No. Vede, lo sguardo che dobbiamo avere su quanto accade ha sempre bisogno di essere redento, non può fare a meno della Provvidenza. La barca di Pietro è sempre sballottata dalle onde, e c’è sempre qualcuno − anche sulla barca − che crede di sapere meglio cosa fare. Ma il cristiano sa molto bene che il male non è l’ultima parola del mondo e che anche se Satana dà battaglia, non può comunque vincere. No, non possiamo cedere a logiche di contrapposizione. Mai.

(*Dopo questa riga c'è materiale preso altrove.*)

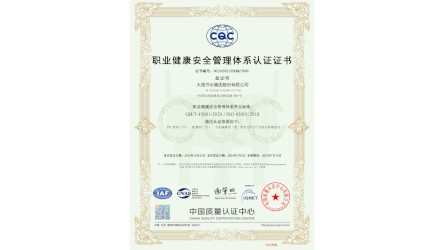 職業(yè)健康安全管理體系認證證書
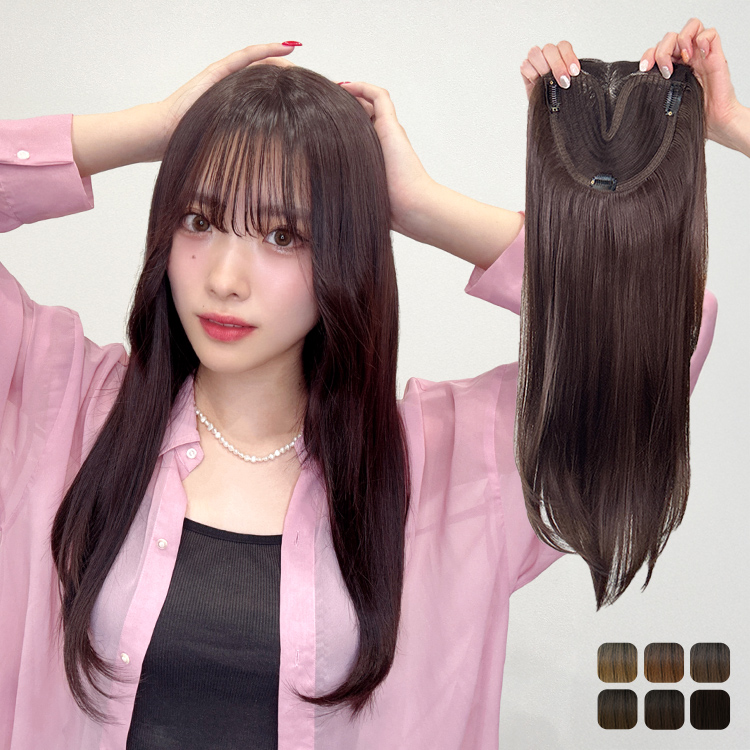 部分ウィッグ/前髪ありロング 部分手植えヘアピース [wgt108]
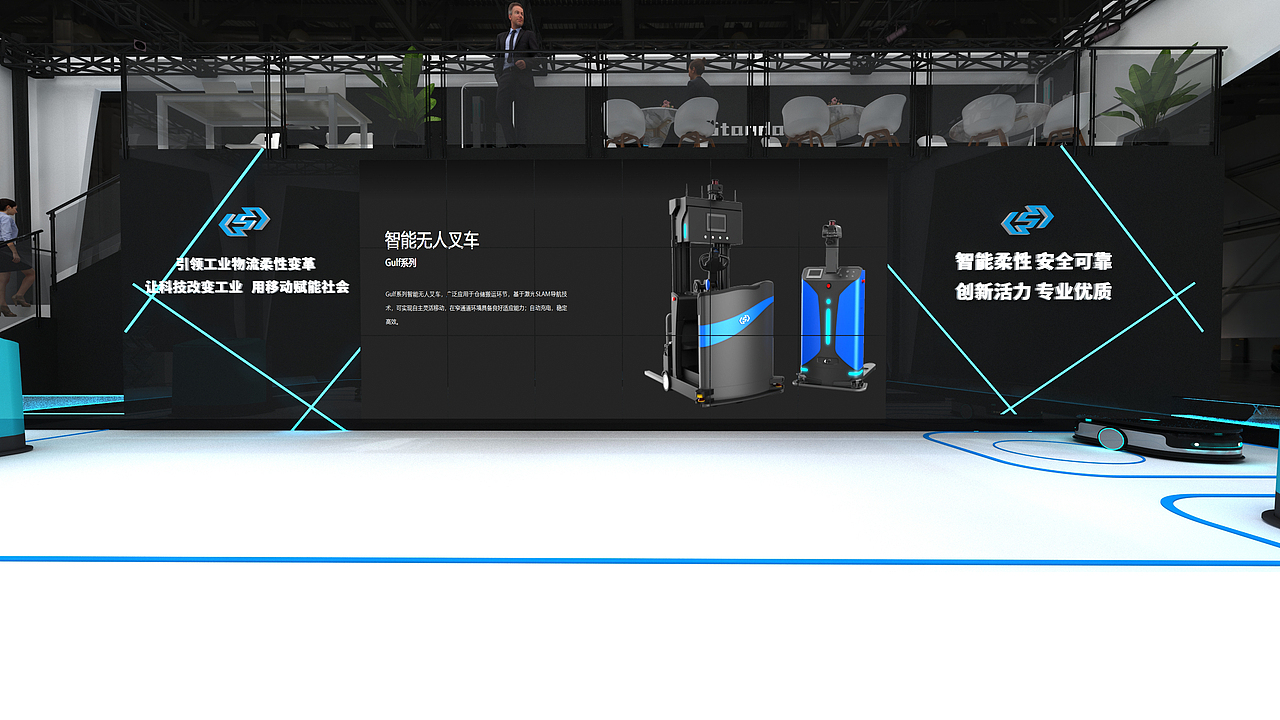 展厅设计（图ZMzYyMzUxNDMy） - 建筑/空间 - 站酷设计师XRM熊先生原创素材 - 站酷ZCOOL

Quindi l’idea di uno scontro tra cristianesimo e islam…
Viene da uno schema prettamente politico, non religioso, dunque sbagliato o comunque incompleto e strumentale a contrapposizioni di cui si cercano le conseguenze sul piano delle decisioni politiche. Non credo che sia compito né del papa, né della Chiesa entrare in questo ambito. Compito della Chiesa è educare, ed educare all’accoglienza dell’altro. Ci sono cose, come il valore della vita, sulle quali non si può discutere. Per questo a nessuno dev’essere concesso di tagliare le teste. Questo deve essere detto con chiarezza, e se possibile, evitato, senza cercare però lo scontro, né culturale, né religioso, né civile.

Lei sarebbe favorevole, anche tenendo conto delle parole di papa Francesco, all’intervento di una coalizione o di alcune forze occidentali per fermare i persecutori?
Le aggressioni devono essere fermate, con i fanatici non credo proprio che si possa parlare. Il punto è che la forza, da sola, al di fuori di una prospettiva e di un contesto di costruzione, non risolve il problema.

Questo cosa significa?
Che bisogna pensare non soltanto a come fermare i violenti, ma anche a che cosa fare dopo. 

Nelle sue parole c’è una critica implicita a tutti i tentativi di esportare la democrazia, come è stato fatto in Iraq per dieci anni?

Direi che non è una critica implicita; è esplicita.

La pace si può fare davvero o è soltanto un fine auspicabile?
Dipende da cosa le si vuol mettere dentro. “Pace” è una bella parola, forse abusata. La pace finale ci sarà soltanto quando il Signore la instaurerà in maniera definitiva. Nel frattempo, noi che siamo qui dobbiamo costruirla continuamente, perché non è mai data una volta per tutte.

Il 25 maggio scorso, nella Basilica del Santo Sepolcro, Francesco disse “Non lasciamoci rubare il fondamento della nostra speranza”, e cioè la Resurrezione. Chi “ruba” oggi la speranza? E che cosa devono fare i cristiani per non lasciarsela sfilare?
Ruba la speranza chi non crede, chi cade preda della logica della paura o chi si lascia avvolgere dalla logica di chi è anticristiano. E questo vale per tutti, cristiani e no. Il cristiano, proprio in queste circostanze drammatiche, deve rispondere con l’essere ancora più cristiano. Non possiamo prescindere dalla Croce.

Le sarà certamente capitato di parlare con persone che le manifestano la volontà di andarsene, di abbandonare la propria terra. Lei che cosa risponde?
Se da un lato, quello umano, comprendo, dall’altro cerco di far capire le ragioni importanti per restare. Ma sempre con molto rispetto e comprensione, perché poi bisogna anche essere concreti, non solo richiamare un ideale. Che va sempre proposto nel totale rispetto delle libertà.

C’è un compito che solo i cristiani possono svolgere in Medio oriente e in Terra santa?
I cristiani devono poter vivere liberi come gli altri. Poi c’è una missione che è propria del cristiano, però non so come in questo momento possa realizzarsi. Forse al momento non è possibile.

Qual è questo compito che reputa così difficile?
Il perdono. Non si può parlare di giustizia senza parlare di perdono. Ma forse questo, ripeto, non è il momento. Bisogna attendere in silenzio.

Che cosa intende dire?
Quando ci sono solo le urla è impossibile ascoltare chi parla. C’è un momento per tutto, dice il Qoelet, ma in questo tempo di così grande male e di così grande dolore, è difficile parlare di perdono. La prospettiva però deve esserci, è quello il nostro compito.